Last week we went to visit a nearby school. It was part of the Banani school service program. The students are taken to nearby schools twice a week to conduct sport lessons and tutorials for the students of the hosting schools. It was the first time I accompanied the girls on these trips. Our group was appointed to conduct sports at the nearby Shalubala School. The moment I stepped out of the bus laughing and playing around with my girls I was stricken by a scene that deeply disturbed me. It was a long line of girls waiting their turn to be beaten by a blackboard eraser by the schools head teacher. These were girls of all ages and the man beating them must have been in his forties. I was mad, frustrated, angry and above all disgusted.
It shouldn’t have bothered me this much since coming from the Middle East there were many schools in which the beating of students was a common practice of punishment, although I don’t think it any longer is an acceptable behavior anywhere in the world. Even in my own old school I remember our head supervisor who was an elderly man always carrying a stick which he swung around at the cheeky boys. However, I never ever remember him to touch or hit a girl or even raise his voice at one of us. Even when it was the boys he was punishing he would always give them the choice of detention or one hit on the hand by the stick and surprisingly the boys always chose the stick! The big difference for me though between these men was that we used to look at our supervisor as a father figure. We respected him, obeyed him and above all loved him. Even when he was punishing it was out of love, he was not enjoying the act, he was not trying to get back for all that he had been through as a student.
But this man it was not love or care that pushed him for this act. You could see it in his eyes. You could see it in the fear you saw in the eyes of the students. If they weren’t being beaten they were punished to work on the fields, to pull out weed from the lands, to gather water, to dig up the ground. Everywhere you looked everyone was being punished. I wondered what could have they all done? Can a whole school be punished? Are these students ever learning anything if they are always being punished outside? However, it seemed normal for everyone else around me. No one seemed to mind, no one seemed to find it out of the ordinary, as though any other treatment would be the questionable one. I became curious after this scene whether there were any sexual harassments and abuses as well, as it shouldn’t seem surprising in such an environment. And to my further disgust I found out that there have been girls who have been selling their bodies for a guarantee of not getting punished, for not being hit, for a little sum of money and for the love and attention of their head teacher. I asked my girls what they thought about it, their reply was that this was the norm around here and that we (Banani) are one of the only few schools that don’t physically punish students. Here at Banani the punishment is not getting a merit for good behavior for the week or the worse case a demerit!

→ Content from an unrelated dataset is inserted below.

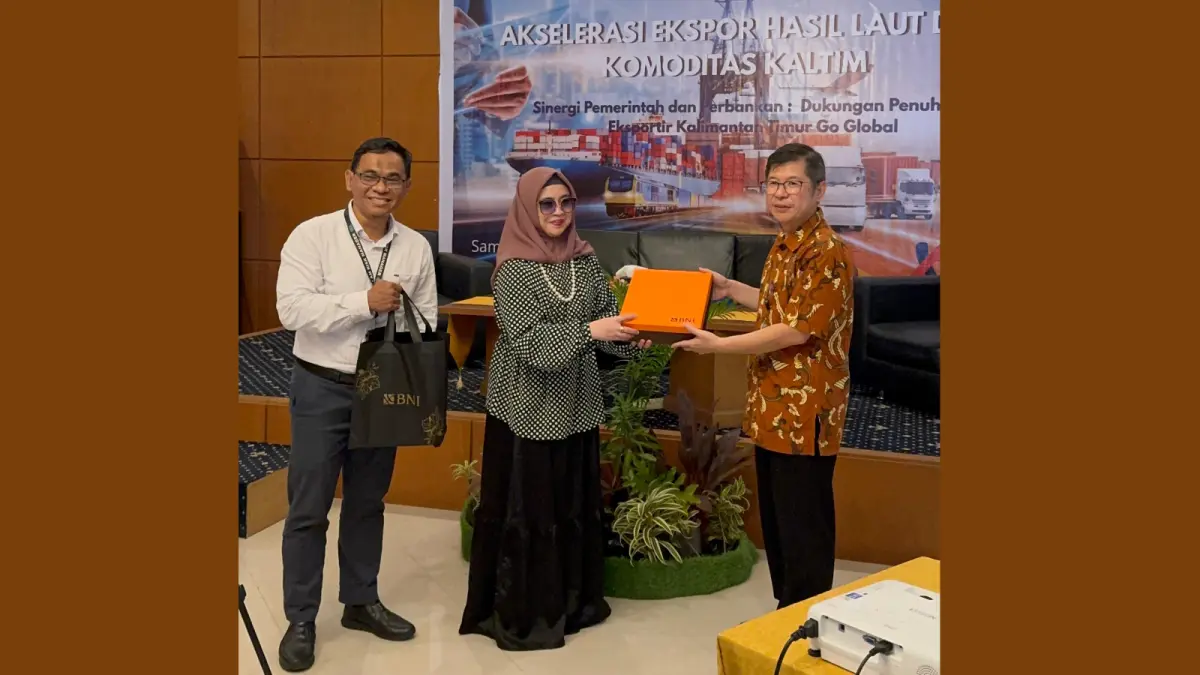 Head Of Xpora Business Development Partnership BNI, RR. Ineswara Trihendra (tengah) memberikan cenderamata kepada Kepala Bidang Fasilitas Kepabeanan dan Cukai Kanwil DJBC Kalimantan Bagian Timur Max Franky Karel Rori (kanan), didampingi Branch Bussines Manager BNI Samarinda Hadinoori Aroma (kiri) pada saat kegiatan.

Looking at this story and getting to know students that actually graduated from schools such as this I came to one conclusion. All these campaigns held worldwide for increasing the number of schools in Africa and the underdeveloped countries are all being looked at in numbers. In quantities. No one bothers enough to actually spend the time and the effort to give these children an education. A quality education. When we are donating money we are donating to schools. To buildings. To chairs. We should be spending money on teachers. On educators. On knowledge. On character development. NGO’s, governments, companies, individuals, religious groups all take pride in starting up X many schools in X many countries. They take pride in the number of children they put through school. Well a pat on their back. But have they ever visited these schools to see their conditions? Have they counted the number of graduates? Have they counted the number of children with a positive change in their lives after school? Have they asked them a science, math or history question? Have they morally affected these children? And most importantly have they bothered to raise a generation that will be able to make a difference? Is it enough to merely give books and pencils, build schools and playgrounds and think that that’s education? No. it is not.
Our campaigns should be targeted not at sending 100 kids to school. It should be targeted towards the education of the mind, body and souls of 100 children that are capable of making a difference in the world. Donating money merely for the benefit of our self conscience is no longer good enough. We must be spending time and effort for the development of curriculum's and for the training of suitable educators. The real challenge lies in that. In the number of children we successfully educate and train in morals. In the number of children who later on move on to make a difference not only in their own lives but also in their communities. The quantity no longer matters. We should be spending on quality. Even if all these children go to school there will be no difference until the quality of this education has been adjusted. It will always be the same cycle. Just like the little boy we were playing with. When he is always being beaten and punished during school hours, instead of being educated and encouraged for good behavior, what more could we have expected from him than to be showcasing the same behavior towards his fellow school mates and what other behavior do we expect from him as a future member of our society.